» Raw data:
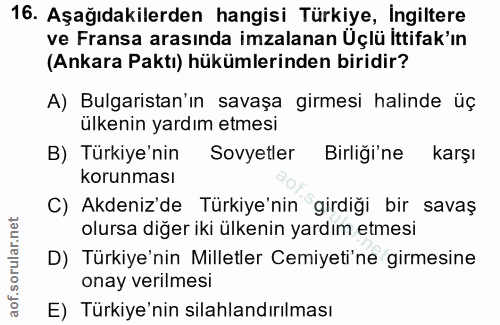 16. soru: Aşağıdakilerden hangisi Türkiye, İngiltere ve Fransa arasında imzalanan Üçlü İttifak'ın (Ankara Paktı) hükümlerinden…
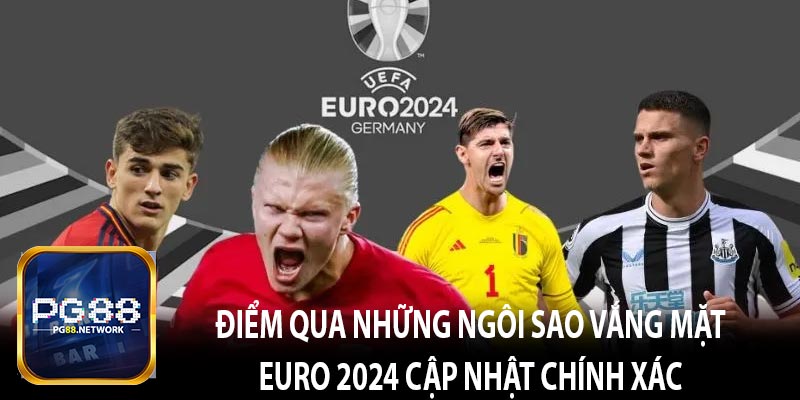 Điểm qua những ngôi sao vắng mặt Euro 2024 cập nhật chính xác 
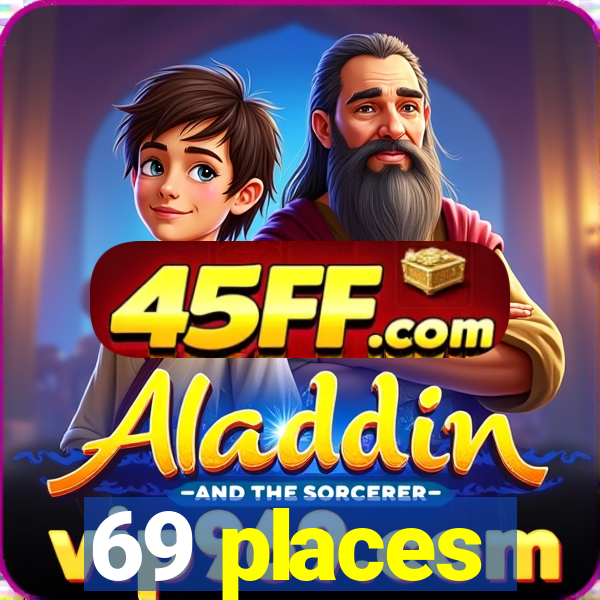 69 places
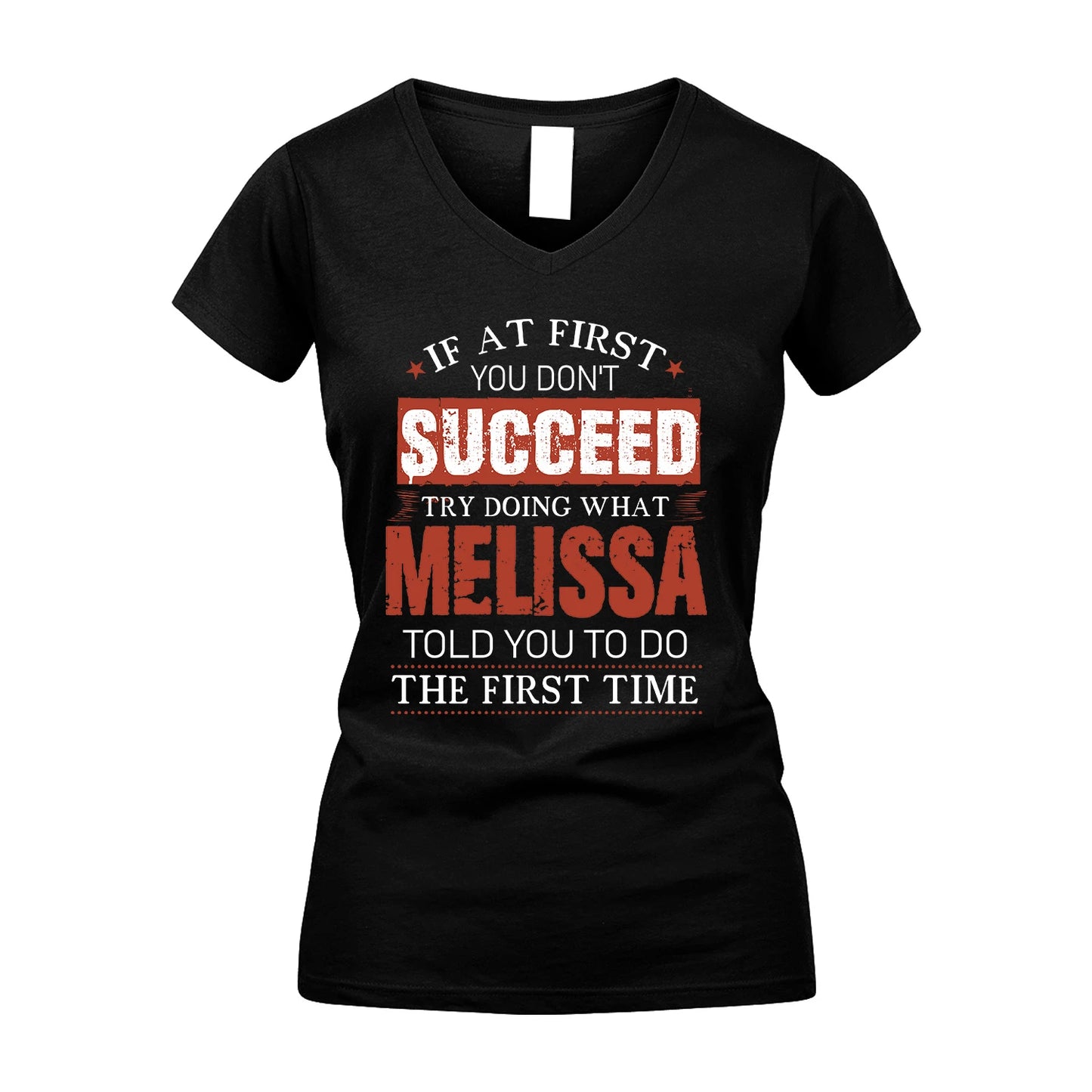 MELISSA 13K1-82–Personalized Funny Quote Apparel “If At First You Don’t Succeed”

» Instructions for the task: When copying the listing, print each line exactly but leave out every picture.

» Result of this exercise:
 16. soru: Aşağıdakilerden hangisi Türkiye, İngiltere ve Fransa arasında imzalanan Üçlü İttifak'ın (Ankara Paktı) hükümlerinden…
 Điểm qua những ngôi sao vắng mặt Euro 2024 cập nhật chính xác 
 69 places
 MELISSA 13K1-82–Personalized Funny Quote Apparel “If At First You Don’t Succeed”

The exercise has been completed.